Re: Problem with outstanding knotes and device detach - and a fix

To: Taylor R Campbell <campbell+netbsd-tech-kern%mumble.net@localhost>
Subject: Re: Problem with outstanding knotes and device detach - and a fix
From: Jason Thorpe <thorpej%me.com@localhost>
Date: Wed, 13 Jul 2022 19:18:01 -0700

> On Jul 13, 2022, at 12:02 PM, Jason Thorpe <thorpej%me.com@localhost> wrote:
> 
>> On Jul 13, 2022, at 11:25 AM, Taylor R Campbell <campbell+netbsd-tech-kern%mumble.net@localhost> wrote:
>> 
>> Sorry, haven't had time yet to do a full review, but I spot at least
>> one problem that means this won't fly as is: kqueue_register and
>> kqueue_scan both call filter_touch under a spin lock, but with your
>> patch filter_touch now takes an rwlock -- which is forbidden under a
>> spin lock (and it'll crash under LOCKDEBUG).
> 
> I found another issue as well and will post a follow-up later.

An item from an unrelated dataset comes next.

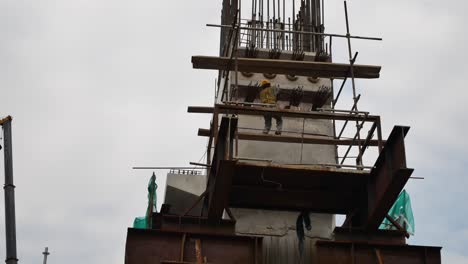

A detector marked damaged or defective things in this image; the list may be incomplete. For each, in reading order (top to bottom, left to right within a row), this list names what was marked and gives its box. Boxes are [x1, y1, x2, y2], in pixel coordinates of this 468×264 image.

rusty steel beam [192, 56, 382, 79]
rusty steel beam [187, 104, 380, 122]
rusty steel beam [197, 129, 384, 147]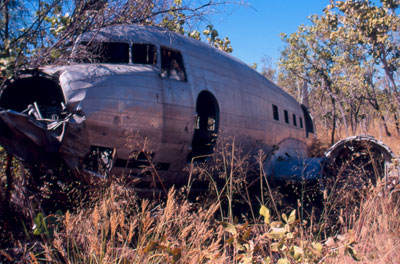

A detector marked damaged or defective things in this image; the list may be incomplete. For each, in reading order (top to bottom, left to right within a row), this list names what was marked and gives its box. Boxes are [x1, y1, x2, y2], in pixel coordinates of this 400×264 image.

Ok, new version.  Main differences:

==> each knote gets its own mutex, rather than using a global rwlock.

==> Moved the locking outside of the filter_*() functions.

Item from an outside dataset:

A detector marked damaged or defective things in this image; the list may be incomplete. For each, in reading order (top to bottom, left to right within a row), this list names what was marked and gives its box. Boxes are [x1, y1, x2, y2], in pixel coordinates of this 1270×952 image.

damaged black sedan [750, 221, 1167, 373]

==> “Dealt” with the locking issue around the “touch” op, by only allowing user_filtops and timer_filtops to use it, because they’re known to be safe to call “touch” without holding the knote foplock (they don’t put notes on any lists).

The knote foplock got tossed onto the end of struct knote with the idea being that it doesn’t change the knote ABI for modules (they can’t allocate their own knotes).  If this gets aligned with another change that bumps the kernel version, I’ll put the foplock up next to fop.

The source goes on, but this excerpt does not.